Work instruction:
Copy exactly and only the lines running from the one that contains "Givenchy Givenchy Logo Scarf Grijs" to the final line of the data below, without the pictures.

(Scraped caption text data)
★ ★ ★ ★

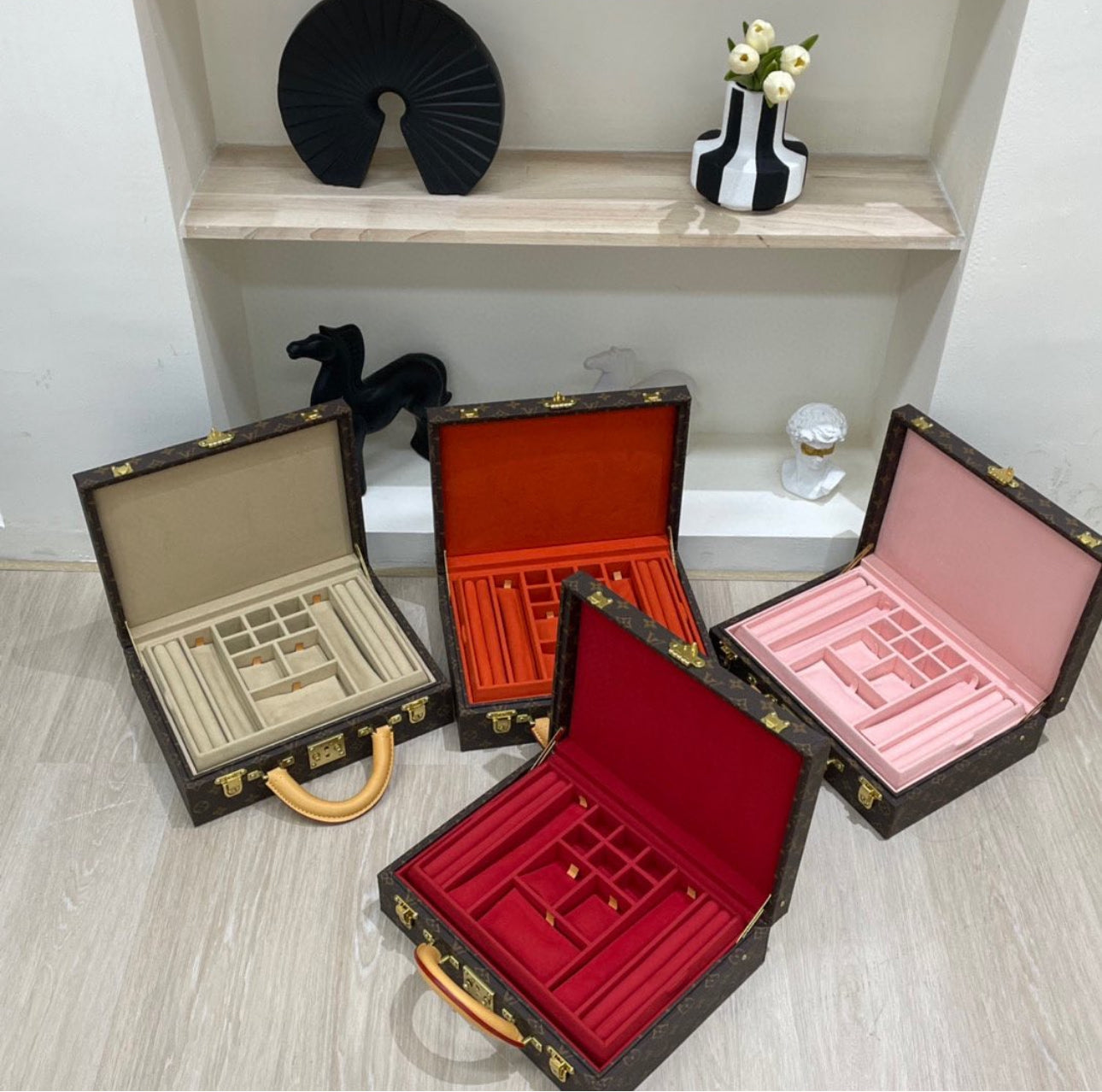 Boite Jewellery Case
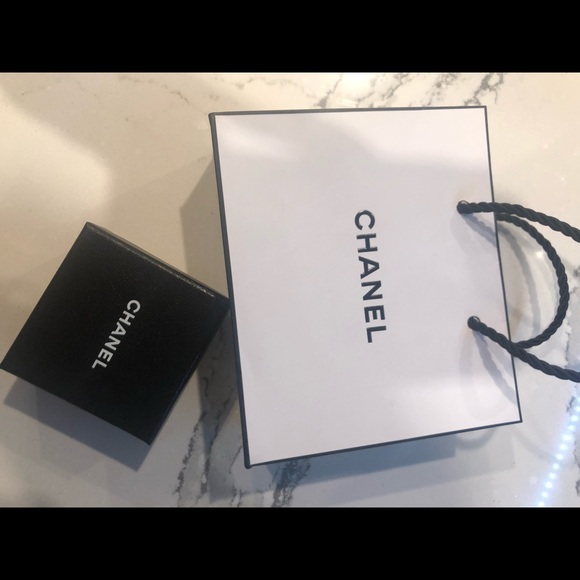 SOLD! vintage Chanel perfume earrings - Picture 7 of 8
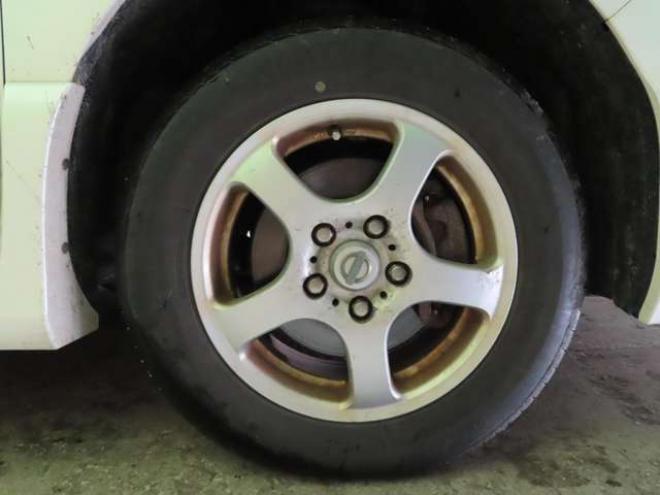 セレナ2.0 ハイウェイスター 4WD　防錆塗装4WDTVナビBカメ後席モニタETCエンスタ 2000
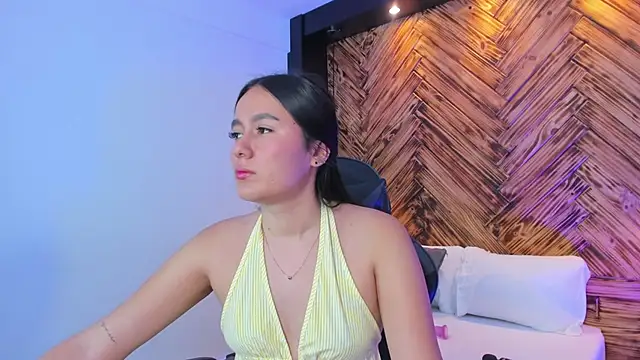 mia slora online show from 07/16/26, 12:22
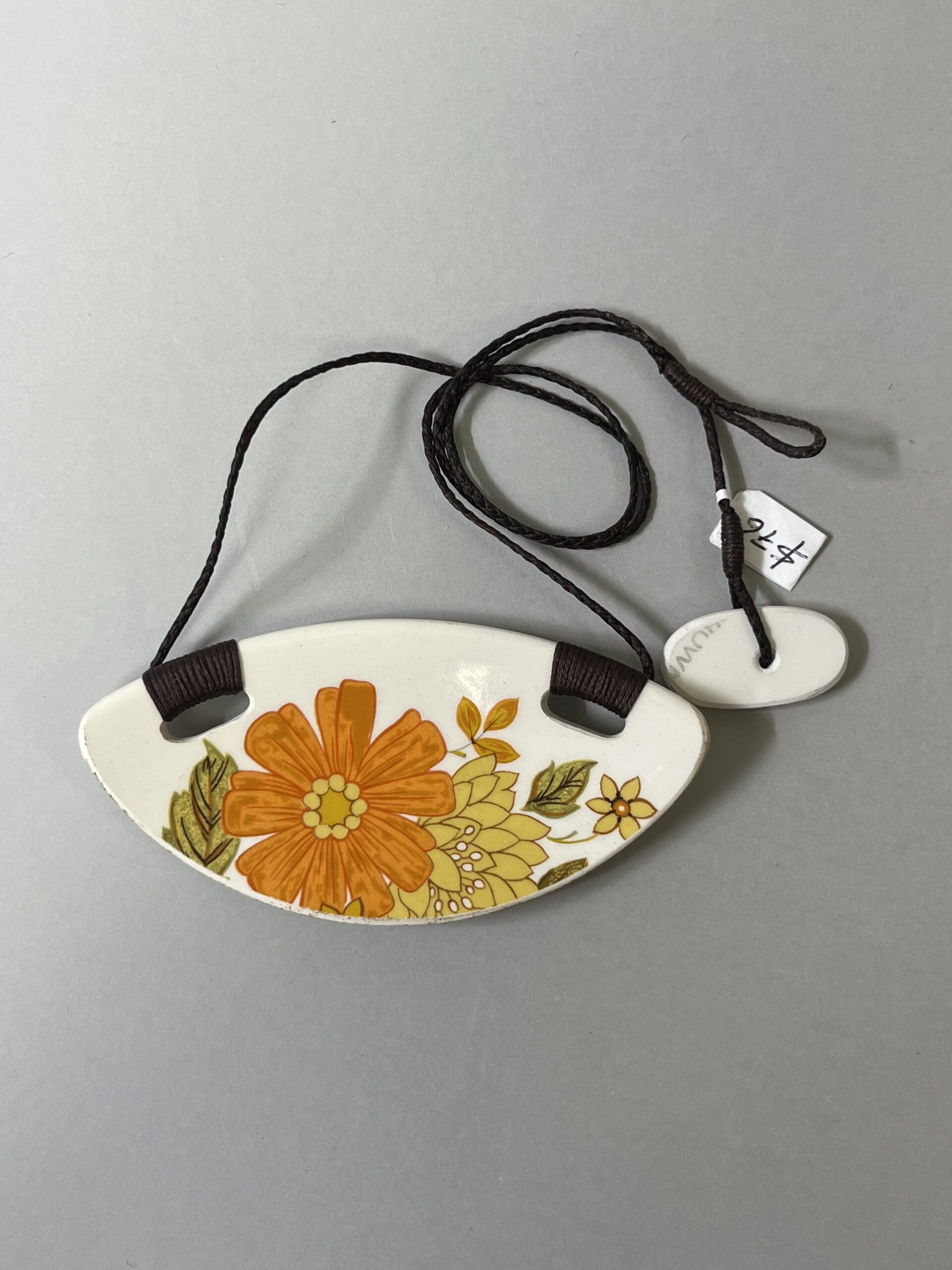 Crown Lynn Fragrance Pendant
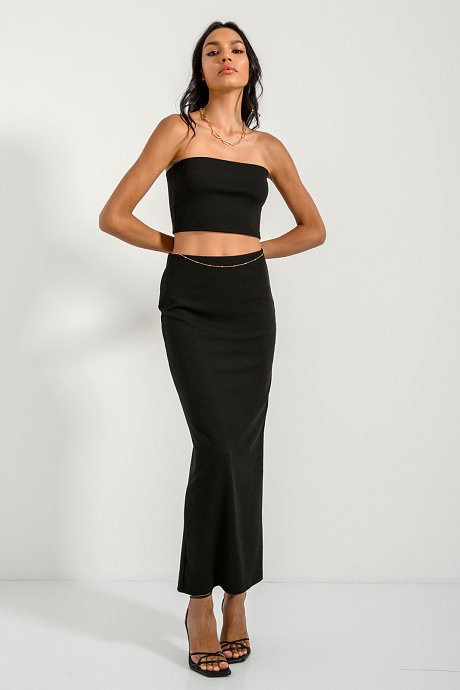 Ribbed maxi skirt with cut out detail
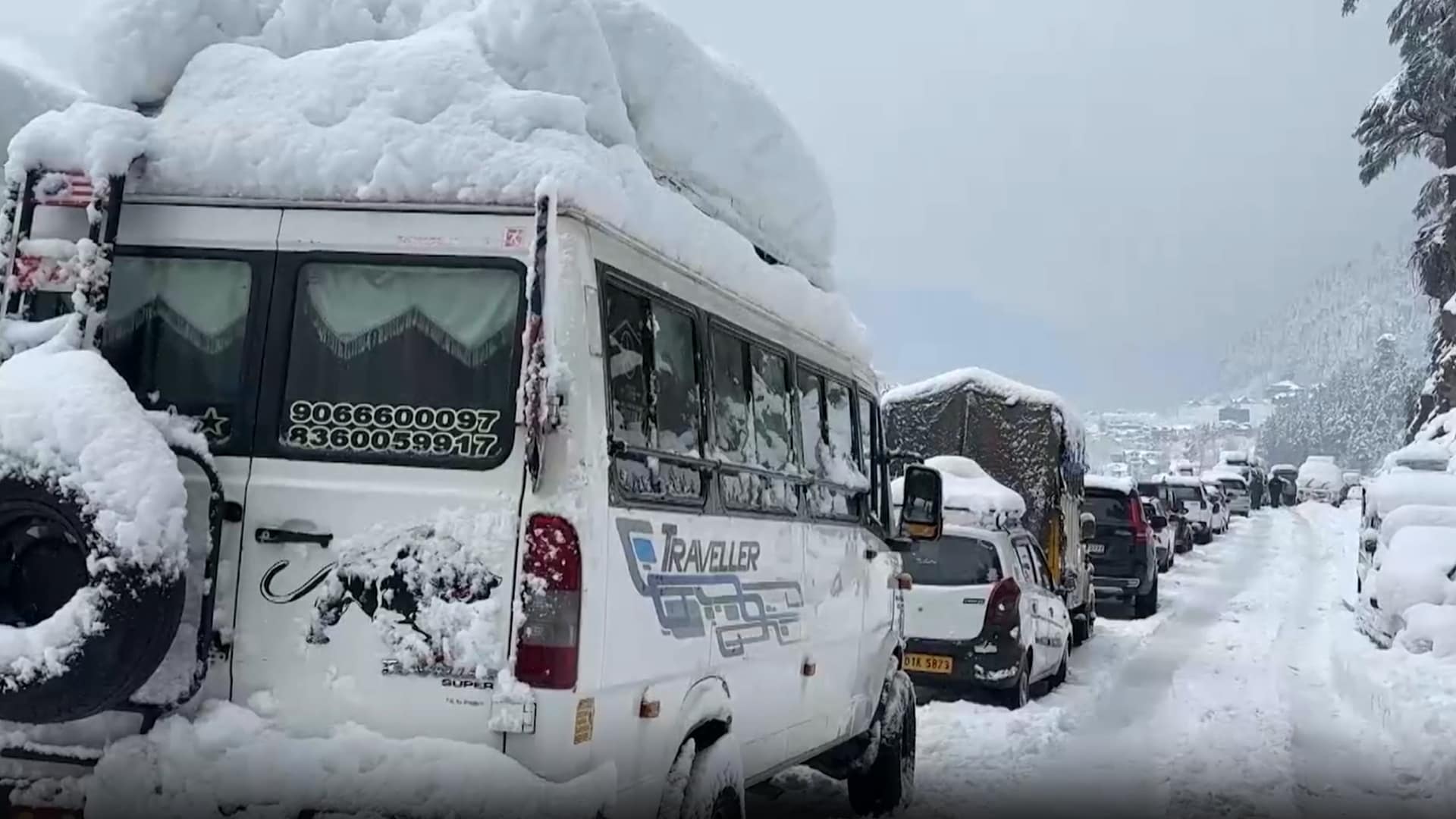 Heavy Snowfall Blocks Highway In Manali, Tourists Stranded On National Highway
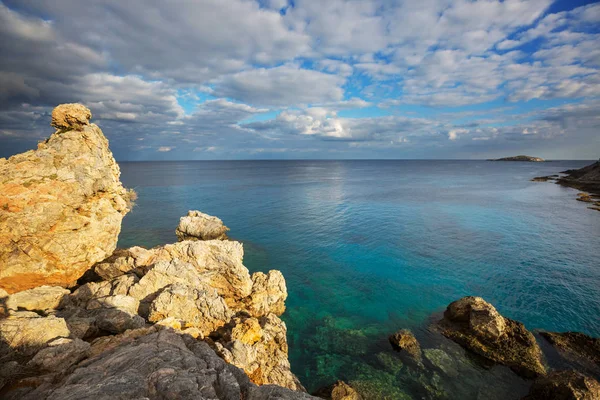 Kıbrıs Güneş Doğarken Güzel Deniz Kıyısı — Stok fotoğraf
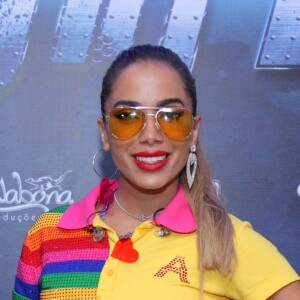 Em show na segunda (30), Anitta ainda estava com o cabelo loiro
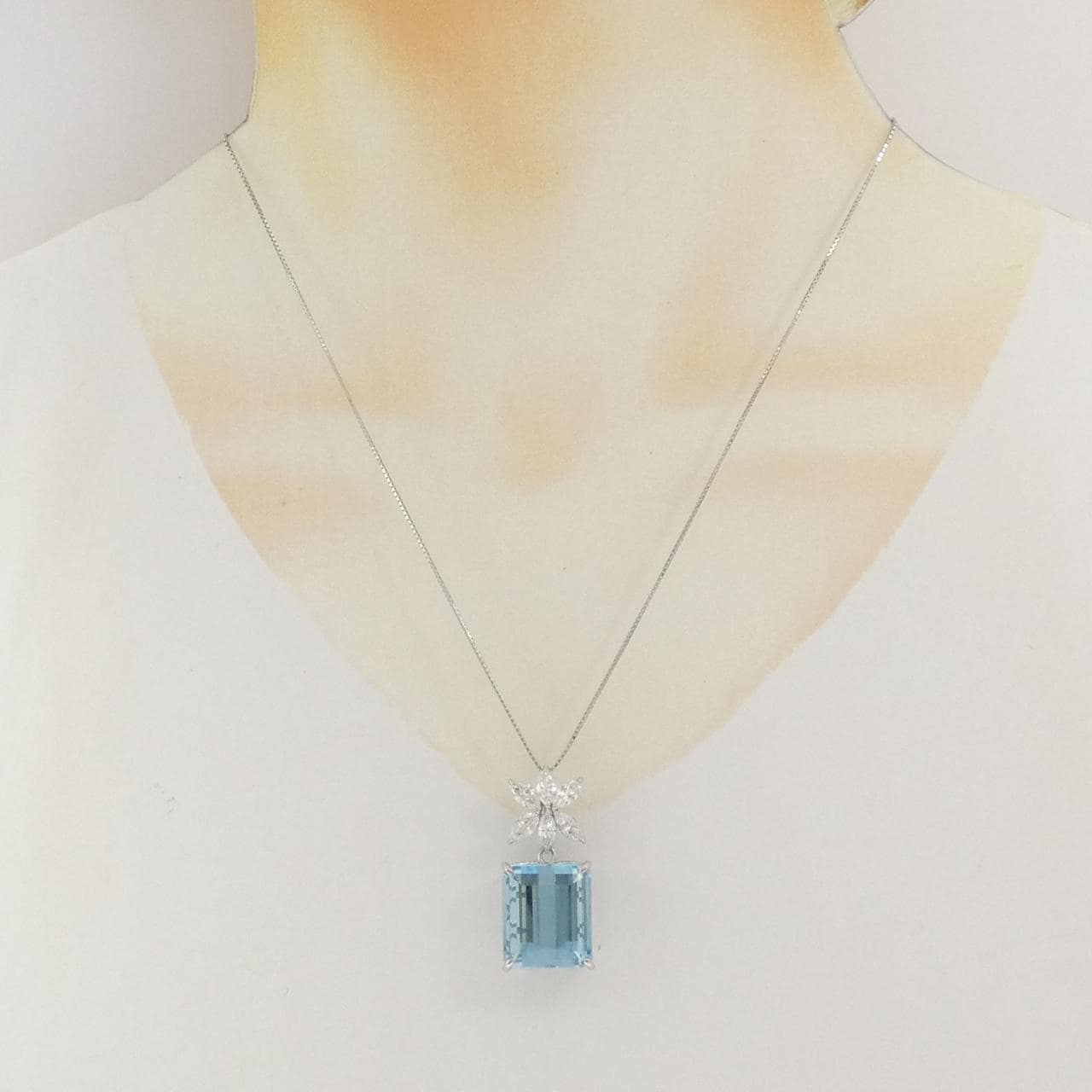 PT900/PT850 フラワー アクアマリン ネックレス 23.020CT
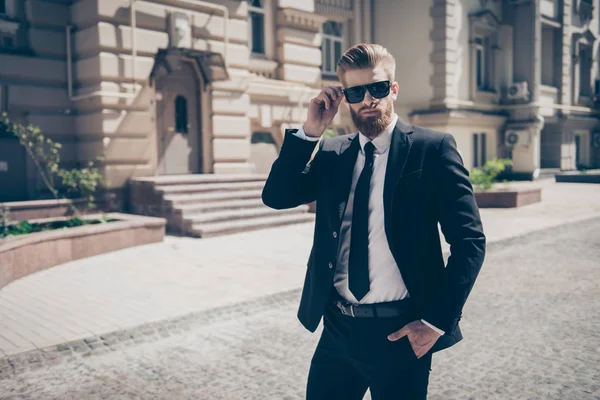 Portret van een strenge agent buiten in de stad. Hij kijkt stunnin — Stockfoto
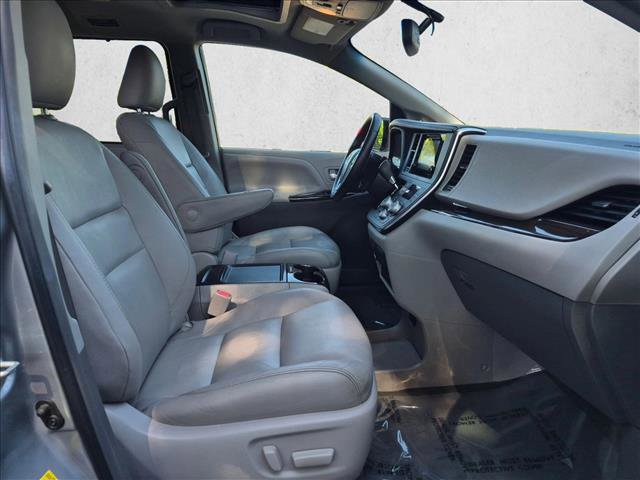 Used 2016 Toyota Sienna XLE Premium FWD image 20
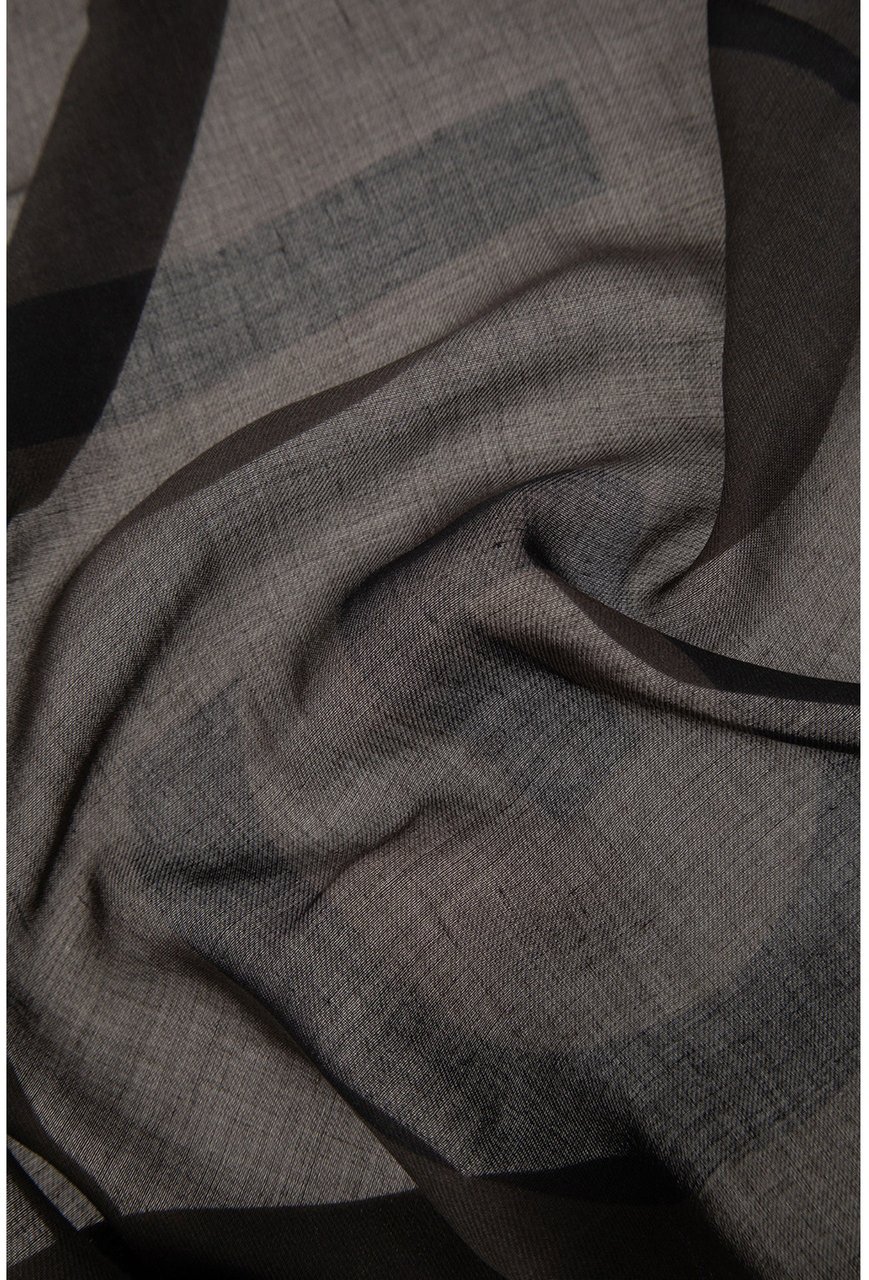 Givenchy Givenchy Logo Scarf Grijs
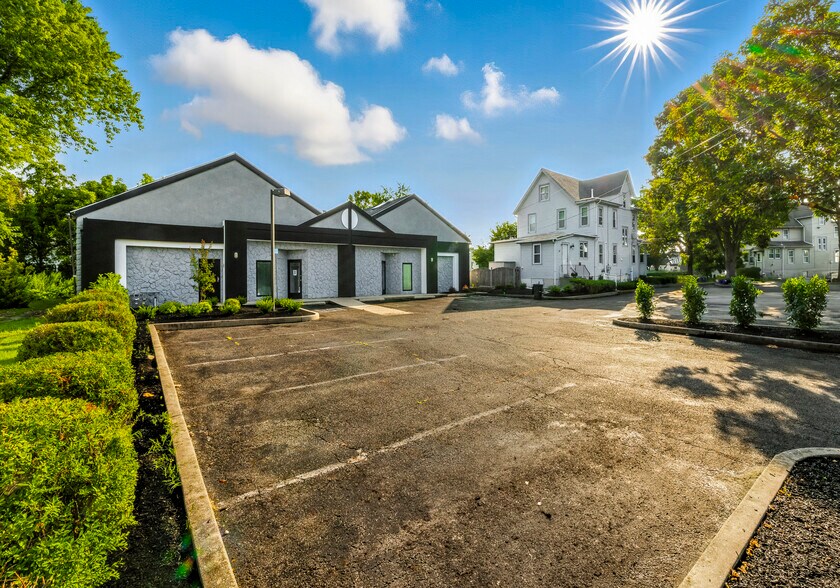 Primary Photo Of 142 Emerson St, Woodbury Medical For Lease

★ ★ ★ ★

Task answer:
 Givenchy Givenchy Logo Scarf Grijs
 Primary Photo Of 142 Emerson St, Woodbury Medical For Lease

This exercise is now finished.